Data provided ->
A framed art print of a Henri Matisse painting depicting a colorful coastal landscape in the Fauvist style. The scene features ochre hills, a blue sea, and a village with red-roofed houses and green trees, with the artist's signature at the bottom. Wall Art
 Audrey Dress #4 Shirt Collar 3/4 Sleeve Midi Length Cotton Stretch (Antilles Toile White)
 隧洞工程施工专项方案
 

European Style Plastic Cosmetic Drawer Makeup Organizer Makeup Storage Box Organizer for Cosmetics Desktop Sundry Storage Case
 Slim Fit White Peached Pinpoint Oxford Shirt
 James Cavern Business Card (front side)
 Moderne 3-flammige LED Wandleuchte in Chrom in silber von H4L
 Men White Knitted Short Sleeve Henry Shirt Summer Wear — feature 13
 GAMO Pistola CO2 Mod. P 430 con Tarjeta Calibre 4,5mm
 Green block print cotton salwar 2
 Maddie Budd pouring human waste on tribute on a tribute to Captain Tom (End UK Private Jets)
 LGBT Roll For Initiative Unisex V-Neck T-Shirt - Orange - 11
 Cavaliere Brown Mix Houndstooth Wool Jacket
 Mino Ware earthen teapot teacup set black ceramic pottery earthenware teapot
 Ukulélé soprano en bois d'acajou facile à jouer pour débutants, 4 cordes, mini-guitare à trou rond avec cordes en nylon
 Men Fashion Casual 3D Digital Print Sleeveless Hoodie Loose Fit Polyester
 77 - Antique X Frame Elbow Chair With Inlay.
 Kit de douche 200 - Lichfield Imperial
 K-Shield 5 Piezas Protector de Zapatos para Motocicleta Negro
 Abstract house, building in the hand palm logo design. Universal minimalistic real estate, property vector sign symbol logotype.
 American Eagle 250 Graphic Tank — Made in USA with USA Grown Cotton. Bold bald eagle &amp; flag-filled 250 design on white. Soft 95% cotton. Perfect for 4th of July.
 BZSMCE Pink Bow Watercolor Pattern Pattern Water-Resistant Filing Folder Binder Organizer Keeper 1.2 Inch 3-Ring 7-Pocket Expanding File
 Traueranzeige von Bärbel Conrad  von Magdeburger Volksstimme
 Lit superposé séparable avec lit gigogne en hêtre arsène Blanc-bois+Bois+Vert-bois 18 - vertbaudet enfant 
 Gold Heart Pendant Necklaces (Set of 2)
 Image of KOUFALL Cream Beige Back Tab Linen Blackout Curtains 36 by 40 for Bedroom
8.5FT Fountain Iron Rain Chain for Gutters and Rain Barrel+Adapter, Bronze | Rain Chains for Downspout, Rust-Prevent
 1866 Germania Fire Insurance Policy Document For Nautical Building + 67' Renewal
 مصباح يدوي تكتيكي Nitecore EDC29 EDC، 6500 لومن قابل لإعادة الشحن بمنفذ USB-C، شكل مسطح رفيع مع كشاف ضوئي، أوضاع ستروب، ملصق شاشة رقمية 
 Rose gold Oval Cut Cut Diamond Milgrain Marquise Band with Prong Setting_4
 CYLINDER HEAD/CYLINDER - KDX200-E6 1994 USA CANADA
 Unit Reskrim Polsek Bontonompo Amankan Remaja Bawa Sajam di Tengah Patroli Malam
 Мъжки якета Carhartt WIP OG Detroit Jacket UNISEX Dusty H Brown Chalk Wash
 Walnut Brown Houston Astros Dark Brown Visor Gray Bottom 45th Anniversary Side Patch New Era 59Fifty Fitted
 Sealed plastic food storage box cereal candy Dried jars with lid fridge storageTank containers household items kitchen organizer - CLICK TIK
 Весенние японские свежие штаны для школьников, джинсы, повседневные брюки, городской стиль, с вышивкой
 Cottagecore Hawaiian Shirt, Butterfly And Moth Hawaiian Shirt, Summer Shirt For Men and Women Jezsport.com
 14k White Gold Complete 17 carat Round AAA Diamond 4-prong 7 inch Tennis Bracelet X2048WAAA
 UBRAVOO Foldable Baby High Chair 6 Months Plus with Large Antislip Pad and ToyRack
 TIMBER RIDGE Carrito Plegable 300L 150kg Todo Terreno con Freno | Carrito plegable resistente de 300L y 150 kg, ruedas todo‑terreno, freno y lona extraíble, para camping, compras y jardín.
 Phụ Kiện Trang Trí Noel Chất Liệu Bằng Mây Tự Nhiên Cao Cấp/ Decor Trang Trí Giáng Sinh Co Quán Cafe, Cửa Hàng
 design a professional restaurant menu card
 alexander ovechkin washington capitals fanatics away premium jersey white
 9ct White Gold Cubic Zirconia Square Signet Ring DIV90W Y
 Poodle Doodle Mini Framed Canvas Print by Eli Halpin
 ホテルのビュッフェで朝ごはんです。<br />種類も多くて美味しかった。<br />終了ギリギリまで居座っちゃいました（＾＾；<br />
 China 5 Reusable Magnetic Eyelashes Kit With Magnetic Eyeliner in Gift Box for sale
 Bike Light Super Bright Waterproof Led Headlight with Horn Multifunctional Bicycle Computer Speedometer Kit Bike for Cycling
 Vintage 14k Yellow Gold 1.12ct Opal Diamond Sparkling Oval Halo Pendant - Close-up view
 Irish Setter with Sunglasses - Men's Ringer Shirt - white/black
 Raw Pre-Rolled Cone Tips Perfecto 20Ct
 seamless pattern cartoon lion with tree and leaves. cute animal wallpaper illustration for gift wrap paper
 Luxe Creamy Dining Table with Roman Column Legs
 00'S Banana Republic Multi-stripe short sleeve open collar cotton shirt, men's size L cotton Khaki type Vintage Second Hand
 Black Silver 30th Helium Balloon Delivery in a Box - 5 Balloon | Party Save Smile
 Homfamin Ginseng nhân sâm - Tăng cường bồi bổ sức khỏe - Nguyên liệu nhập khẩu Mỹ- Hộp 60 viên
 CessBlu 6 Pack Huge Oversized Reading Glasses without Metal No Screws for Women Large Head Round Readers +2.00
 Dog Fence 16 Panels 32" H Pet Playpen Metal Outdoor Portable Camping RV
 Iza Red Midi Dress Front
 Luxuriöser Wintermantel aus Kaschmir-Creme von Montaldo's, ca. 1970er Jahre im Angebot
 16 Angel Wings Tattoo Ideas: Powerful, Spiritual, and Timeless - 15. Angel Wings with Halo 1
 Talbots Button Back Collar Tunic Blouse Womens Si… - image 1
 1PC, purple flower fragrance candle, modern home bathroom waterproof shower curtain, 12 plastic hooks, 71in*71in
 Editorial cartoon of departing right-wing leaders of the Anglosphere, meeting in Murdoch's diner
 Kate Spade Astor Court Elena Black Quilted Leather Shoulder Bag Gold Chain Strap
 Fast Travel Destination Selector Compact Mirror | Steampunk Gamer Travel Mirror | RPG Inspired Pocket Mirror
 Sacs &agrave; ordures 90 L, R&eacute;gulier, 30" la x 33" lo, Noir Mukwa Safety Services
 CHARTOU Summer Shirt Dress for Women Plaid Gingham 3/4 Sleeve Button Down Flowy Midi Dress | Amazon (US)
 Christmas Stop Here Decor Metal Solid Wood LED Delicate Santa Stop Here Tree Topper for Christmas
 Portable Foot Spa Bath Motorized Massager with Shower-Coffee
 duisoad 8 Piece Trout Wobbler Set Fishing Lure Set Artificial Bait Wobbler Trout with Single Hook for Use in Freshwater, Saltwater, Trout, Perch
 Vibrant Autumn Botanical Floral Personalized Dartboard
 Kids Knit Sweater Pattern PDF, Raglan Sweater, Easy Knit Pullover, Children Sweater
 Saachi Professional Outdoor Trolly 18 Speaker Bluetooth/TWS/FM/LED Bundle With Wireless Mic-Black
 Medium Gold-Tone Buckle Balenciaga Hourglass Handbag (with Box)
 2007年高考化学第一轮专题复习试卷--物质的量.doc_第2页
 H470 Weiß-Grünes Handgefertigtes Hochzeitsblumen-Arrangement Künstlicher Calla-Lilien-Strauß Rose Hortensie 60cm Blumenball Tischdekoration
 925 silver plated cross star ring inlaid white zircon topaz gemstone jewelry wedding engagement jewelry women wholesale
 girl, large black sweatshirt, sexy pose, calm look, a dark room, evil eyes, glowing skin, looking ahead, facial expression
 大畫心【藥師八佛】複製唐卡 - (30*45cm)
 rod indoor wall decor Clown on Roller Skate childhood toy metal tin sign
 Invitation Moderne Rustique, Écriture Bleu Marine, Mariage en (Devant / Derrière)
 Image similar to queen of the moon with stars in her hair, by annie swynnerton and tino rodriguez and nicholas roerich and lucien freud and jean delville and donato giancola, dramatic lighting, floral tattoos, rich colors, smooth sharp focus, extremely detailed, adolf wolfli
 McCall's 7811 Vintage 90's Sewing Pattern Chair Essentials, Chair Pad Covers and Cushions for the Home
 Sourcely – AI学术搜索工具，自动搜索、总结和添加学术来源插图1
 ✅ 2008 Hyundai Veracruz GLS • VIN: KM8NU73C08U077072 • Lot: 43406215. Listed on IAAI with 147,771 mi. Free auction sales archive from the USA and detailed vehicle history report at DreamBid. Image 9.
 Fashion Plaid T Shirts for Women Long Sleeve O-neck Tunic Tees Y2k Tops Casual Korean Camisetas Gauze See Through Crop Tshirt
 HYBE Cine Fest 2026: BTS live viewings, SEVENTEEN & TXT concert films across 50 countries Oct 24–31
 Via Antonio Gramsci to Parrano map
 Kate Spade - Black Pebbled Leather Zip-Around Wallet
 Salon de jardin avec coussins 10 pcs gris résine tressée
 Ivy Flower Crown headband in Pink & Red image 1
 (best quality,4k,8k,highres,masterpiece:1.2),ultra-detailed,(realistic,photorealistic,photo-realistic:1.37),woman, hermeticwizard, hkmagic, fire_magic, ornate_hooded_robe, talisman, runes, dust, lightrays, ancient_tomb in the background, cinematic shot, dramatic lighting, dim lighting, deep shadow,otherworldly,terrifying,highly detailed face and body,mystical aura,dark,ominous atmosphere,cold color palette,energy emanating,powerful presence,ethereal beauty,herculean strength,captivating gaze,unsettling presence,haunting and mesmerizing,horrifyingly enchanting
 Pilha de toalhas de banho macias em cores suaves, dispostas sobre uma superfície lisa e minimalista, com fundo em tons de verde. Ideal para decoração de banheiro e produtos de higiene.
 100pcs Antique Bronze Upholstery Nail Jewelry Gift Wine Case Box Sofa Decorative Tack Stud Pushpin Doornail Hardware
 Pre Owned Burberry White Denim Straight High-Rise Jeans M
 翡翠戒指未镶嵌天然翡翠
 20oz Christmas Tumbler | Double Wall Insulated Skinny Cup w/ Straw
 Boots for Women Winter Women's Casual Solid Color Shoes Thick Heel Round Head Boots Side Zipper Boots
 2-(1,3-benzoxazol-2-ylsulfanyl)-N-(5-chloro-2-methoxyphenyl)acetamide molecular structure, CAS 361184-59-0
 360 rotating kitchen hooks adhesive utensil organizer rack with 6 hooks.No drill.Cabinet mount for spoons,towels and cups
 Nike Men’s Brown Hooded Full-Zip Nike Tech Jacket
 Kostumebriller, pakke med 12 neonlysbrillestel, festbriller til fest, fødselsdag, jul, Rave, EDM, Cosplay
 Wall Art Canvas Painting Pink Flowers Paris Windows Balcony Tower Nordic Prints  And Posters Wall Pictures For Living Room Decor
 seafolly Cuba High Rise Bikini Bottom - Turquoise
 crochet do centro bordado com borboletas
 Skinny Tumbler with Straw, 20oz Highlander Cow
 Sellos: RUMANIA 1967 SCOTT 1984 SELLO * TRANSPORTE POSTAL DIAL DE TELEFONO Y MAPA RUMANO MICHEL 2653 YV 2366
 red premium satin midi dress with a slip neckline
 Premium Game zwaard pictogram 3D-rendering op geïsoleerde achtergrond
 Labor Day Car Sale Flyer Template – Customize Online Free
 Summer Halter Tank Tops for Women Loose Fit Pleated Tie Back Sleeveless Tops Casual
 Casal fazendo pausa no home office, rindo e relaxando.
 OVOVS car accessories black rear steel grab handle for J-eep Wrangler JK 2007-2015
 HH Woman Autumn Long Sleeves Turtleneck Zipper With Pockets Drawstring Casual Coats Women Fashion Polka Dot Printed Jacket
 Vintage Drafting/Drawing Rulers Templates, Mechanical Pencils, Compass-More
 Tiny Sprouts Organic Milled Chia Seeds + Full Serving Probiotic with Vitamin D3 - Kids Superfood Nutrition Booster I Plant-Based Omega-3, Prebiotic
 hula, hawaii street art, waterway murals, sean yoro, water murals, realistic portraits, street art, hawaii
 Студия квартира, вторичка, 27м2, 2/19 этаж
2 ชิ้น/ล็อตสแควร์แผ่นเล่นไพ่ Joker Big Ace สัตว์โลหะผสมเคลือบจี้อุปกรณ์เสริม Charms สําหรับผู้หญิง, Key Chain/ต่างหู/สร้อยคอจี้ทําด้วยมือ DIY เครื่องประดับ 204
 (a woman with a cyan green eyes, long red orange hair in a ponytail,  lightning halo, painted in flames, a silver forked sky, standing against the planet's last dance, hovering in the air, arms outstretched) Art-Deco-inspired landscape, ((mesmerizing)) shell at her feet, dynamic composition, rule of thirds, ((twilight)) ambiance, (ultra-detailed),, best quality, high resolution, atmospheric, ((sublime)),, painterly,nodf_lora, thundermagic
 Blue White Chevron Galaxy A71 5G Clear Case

Problem description ->
Return the lines exactly as they stand, please. Start at the top of the material and finish with the line where "James Cavern Business Card (front side)" appears.

Solution for this exercise ->
A framed art print of a Henri Matisse painting depicting a colorful coastal landscape in the Fauvist style. The scene features ochre hills, a blue sea, and a village with red-roofed houses and green trees, with the artist's signature at the bottom. Wall Art
 Audrey Dress #4 Shirt Collar 3/4 Sleeve Midi Length Cotton Stretch (Antilles Toile White)
 隧洞工程施工专项方案
 

European Style Plastic Cosmetic Drawer Makeup Organizer Makeup Storage Box Organizer for Cosmetics Desktop Sundry Storage Case
 Slim Fit White Peached Pinpoint Oxford Shirt
 James Cavern Business Card (front side)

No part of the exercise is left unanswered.